За убийством Кирова, которое вполне могло быть делом рук самого Сталина, последовала свирепая репрессивная кампания, включавшая помимо прочего массовые аресты в самом Ленинграде. Эта кампания также стала предлогом для качественного сдвига в государственной политике – окончательного одобрения внесудебных казней в качестве наказания за терроризм. Эта мера применялась, даже если подозреваемый был бывшим соратником Ленина. Ежов, чья бдительность и преданность не вызывали сомнений, по крайней мере у самого Сталина, получил расширенные полномочия и возможность вести расследования в отношении бывших оппозиционеров. Он утверждал, что ему удалось раскрыть целю серию “контрреволюционных блоков”, зиновьевцев и троцкистов, действовавших заодно с правыми уклонистами, бухаринцами, белогвардейцами и шпионами. Когда в 1936 году Ежов возглавил, наконец, Народный комиссариат внутренних дел СССР, дело против Зиновьева и Каменева было готово. Тогда же начался новый виток арестов и допросов. Зимой 1936–1937 годов чистка была произведена в рядах самого НКВД[624]

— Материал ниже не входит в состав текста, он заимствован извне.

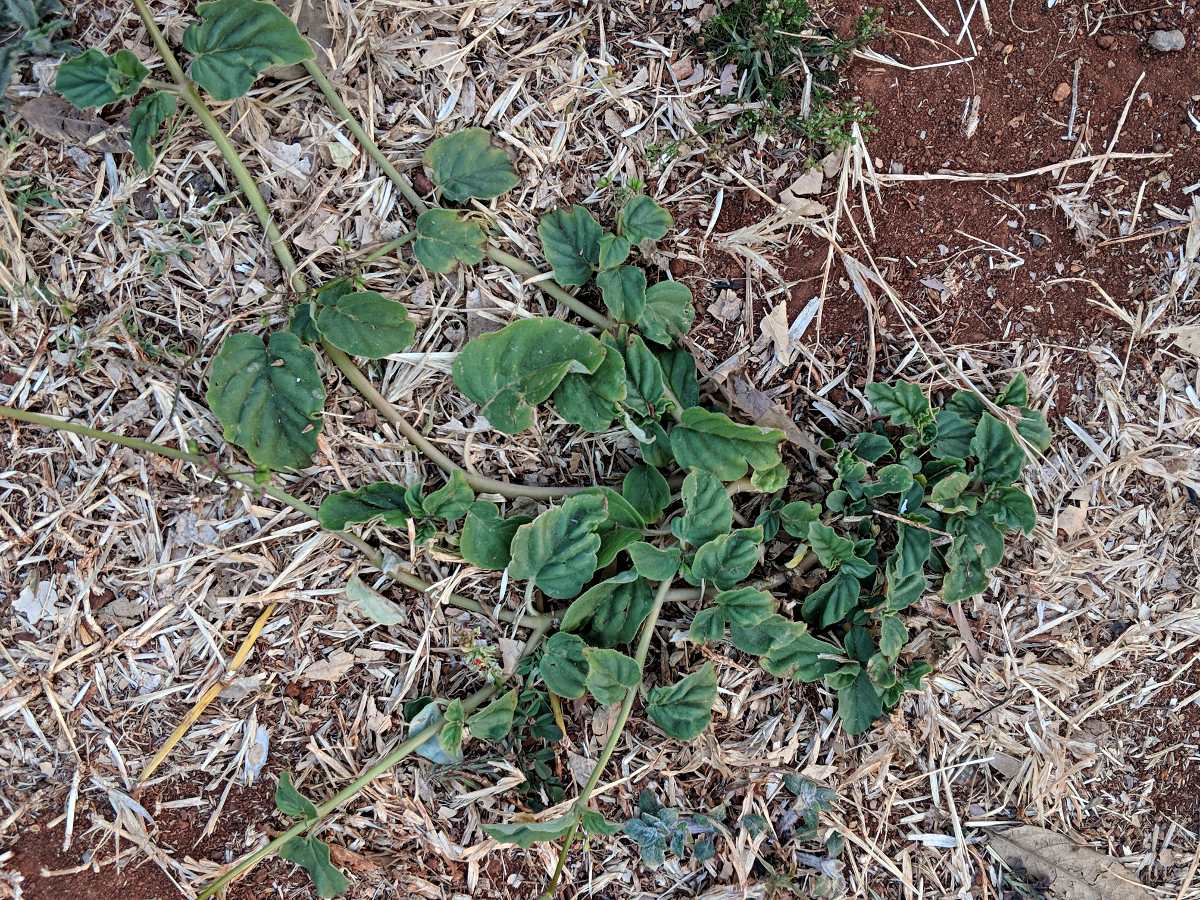 Boerhavia diffusa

.С 1936 года нить исторического повествования начинает расползаться, а его рациональная составляющая становится все более туманной. История советского террора столь противоречива, что не всегда можно точно ответить на вопрос о том, какие именно цели и задачи он преследовал на том или ином этапе. “Авторство” Сталина, включающее сам факт наличия его подписи на тысячах смертных приговоров, больше не вызывает никаких сомнений, как не вызывает сомнений персональная ответственность Ежова. Практически поголовное истребление наиболее видных представителей ленинской элиты было частью систематической политики, и, с точки зрения Сталина, оно ознаменовало решающий этап в давно вынашиваемом им стремлении к неоспоримому единоличному верховенству. Именно с этим стремлением Сталина подчас были связаны аресты “вредителей”, “шпионов”, “врагов”, “диверсантов” и “террористов” на местах, хотя иногда они казались зловеще логичными и в контексте существовавших социальных и экономических обстоятельств. Но так же верно и то, что отдельные проявления этого разворачивающегося на глазах массового явления не всегда находились под чьим бы то ни было контролем. Среди наиболее вероятных объяснений хаоса, которым сопровождался террор, стоит упомянуть социальные и административные перемещения, личные счеты и конфликты, тлеющие годами, утомительную в своей бесконечности текучку бюрократических кадров, а также противоположные краткосрочные практические цели различных бюрократических органов[625]
.Однако детали, которые могли показаться случайными и которые на самом деле нередко были незапланированными, отнюдь не всегда были бессмысленными. Некоторые процессы широко освещались, например показательные политические судебные процессы – так называемые Московские процессы, первый из которых, суд над Каменевым и Зиновьевым, состоялся в августе 1936 года. Другие происходили при практически полной секретности, по ночам, узников привозили в закрытых грузовиках. Эти грузовики – печально знаменитые “черные воронки” – были иногда закамуфлированы нанесенными на борт надписями “Мясо”. Однако в общем и целом основное воздействие этих процессов было логичным и последовательным. Иными словами, какие бы планы ни вынашивали различные проводники репрессий, к каким бы методам ни прибегали, кумулятивный эффект от их работы, с точки зрения жертвы, был последователен и един. Его идейное содержание было простым, и его отлично передают приведенные выше слова бывшего заключенного: “Вы ничто, вы пыль”.
Британские и североамериканские историки недавно показали, что чистки 1930-х годов коснулись лишь ограниченного числа социальных групп[626]
. “Он же не член партии, не еврей, почему его арестовали?” – обычно таким вопросом задавались ленинградские рабочие в то время[627]. Чистки играли на популярном представлении о “нас” и “них”, о верхушке и элите, противопоставленной массам[628]. Казалось, что больше вероятность быть расстрелянным была у представителей элиты. Все остальные “мы” могли продолжать жить, закрывая глаза на происходящее, беспокоясь лишь о том, где бы достать хлеба и проворачивая махинации, позволяющие разжиться дополнительными пятью метрами жилого пространства. Откровенно говоря, Большой террор 1937–1938 годов подтвердил эту точку зрения. Его самыми заметными жертвами стали политические активисты, большая часть которых была большевиками, экономическими и гражданскими управленцами (к концу 1930-х почти все они также были членами партии), служащими вооруженных сил (и снова члены партии пострадали больше других), и в меньшей степени, интеллектуалами различного толка, верующими, художниками, писателями и поэтами[629].